A fragment of Amelia Earhart's lost aircraft has been identified to a high degree of certainty for the first time ever since her plane vanished over the Pacific Ocean on July 2, 1937, in a record attempt to fly around the world at the equator.
New research strongly suggests that a piece of aluminum aircraft debris recovered in 1991 from Nikumaroro, an uninhabited atoll in the southwestern Pacific republic of Kiribati, does belong to Earhart's twin-engined Lockheed Electra.
According to researchers at The International Group for Historic Aircraft Recovery (TIGHAR), which has long been investigating the last, fateful flight taken by Earhart 77 years ago, the aluminum sheet is a patch of metal installed on the Electra during the aviator's eight-day stay in Miami, which was the fourth stop on her attempt to circumnavigate the globe. (The patch replaced a navigational window.

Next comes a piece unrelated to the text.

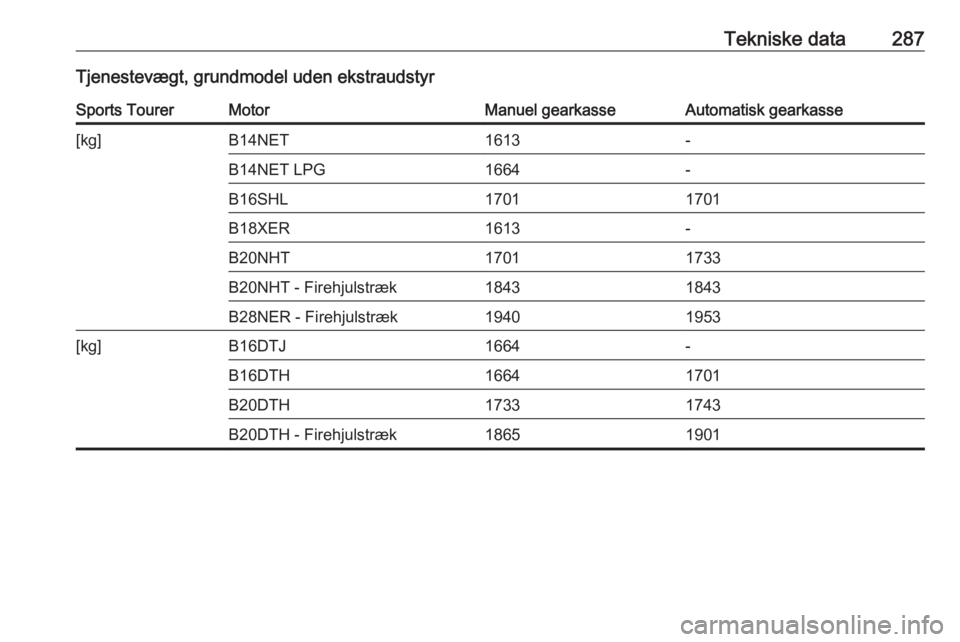 OPEL INSIGNIA 2016  Instruktionsbog (in Danish) Tekniske data287Tjenestevægt, grundmodel uden ekstraudstyrSports TourerMotorManuel gearkasseAutomatisk gearkasse[kg]B14NET1613-B14NET LPG1664-B16SHL17011701B18XER1613-B20NHT17011733B20NHT - Firehjuls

Above, a Miami Herald photo shows the Electra departing for San Juan, Puerto Rico on the morning of Tuesday, June 1, 1937 with a shiny patch of metal where the window had been. Below, forensic imaging of photos of the patch show that its borders were roughly the same as the window frame it replaced.)
"The Miami Patch was an expedient field repair," Ric Gillespie, executive director of TIGHAR, told Discovery News. "Its complex fingerprint of dimensions, proportions, materials and rivet patterns was as unique to Earhart's Electra as a fingerprint is to an individual."
TIGHAR researchers went to Wichita Air Services in Newton, Kans., and compared the dimensions and features of the Artifact 2-2-V-1, as the metal sheet found on Nikumaroro was called, with the structural components of a Lockheed Electra being restored to airworthy condition:
The rivet pattern and other features on the 19-inch-wide by 23-inch-long Nikumaroro artifact matched the patch and lined up with the structural components of the Lockheed Electra. TIGHAR detailed the finding in a report on its website.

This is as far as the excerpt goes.